The definition of early sexual debut varied across studies and is

The definition of early sexual debut varied across studies and is displayed

for each study in Table 1. Studies that explored the impact of early age at first sexual debut on only high-risk behaviours, perceived risks or determinants of HIV/AIDS risk, such as condom use, multiple partners, other STIs or circumcision, were excluded. The abstracts of all 1572 relevant studies were screened by a single reviewer (NK) after 100% agreement was reached on applying the inclusion criteria to a sample of 250 abstracts between the two reviewers (NK and HS). Following this, the full texts of all studies learn more that could potentially be included in the review were obtained. After removing 13 duplicates, 128 full texts were retrieved and double-screened independently by two reviewers (NK and HS).

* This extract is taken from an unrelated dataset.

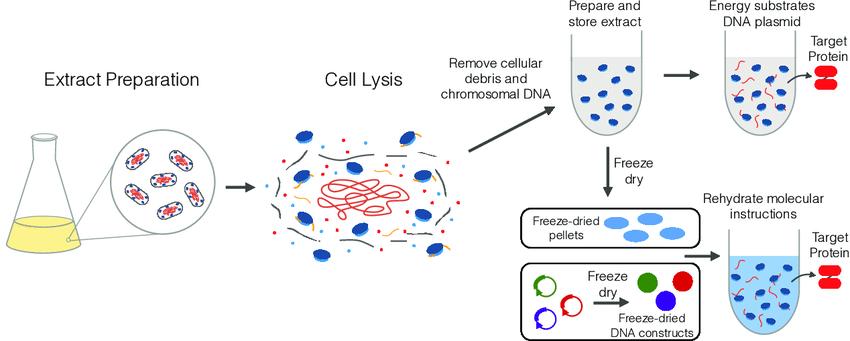 Overview of Cell Lysis and Protein Extraction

Any differences in decisions were resolved through discussions. It had been decided that a third reviewer (CW) would be approached if there were differences in decision that could not be resolved; however,

this was not necessary as an agreement was reached on all studies. A total of 26 articles met the inclusion criteria and were included in the review. Two articles this website reported on the same data, and their information was therefore combined in the analysis, and they were treated Epothilone B (EPO906, Patupilone) as one study.[12, 13] Information about sample characteristics, setting,

study design, variables adjusted for and statistical results were extracted from the study by one reviewer (NK), and a confirmatory data extraction and quality appraisal were carried out by a second reviewer (HS). The quality appraisal was conducted using seven appraisal questions adapted from the graphical appraisal tool for epidemiological studies (GATE).[30] Each study could obtain a maximum score of 14, indicating the highest level of evidence. For each of the following components, a maximum score of two was given per study: focus of the study, generalisability of the findings, study design, use of adequate control variables, reliable and sensible outcome measures, sensitive reporting of biases and outcomes and ethics. It was agreed that a total score of 0–4 would imply very low quality, 5–8 low quality, 9–11 medium and 12–14 high. Any differences in scoring were resolved through discussions between the two reviewers. The findings of the systematic search first report the unadjusted bivariate associations that emerged in this review. Due to their equivocal outcomes, the multivariate findings of the review were summarised according to the conceptual framework (Fig. 2). Only studies that found a significant association in the unadjusted analysis are examined in the multivariate analysis.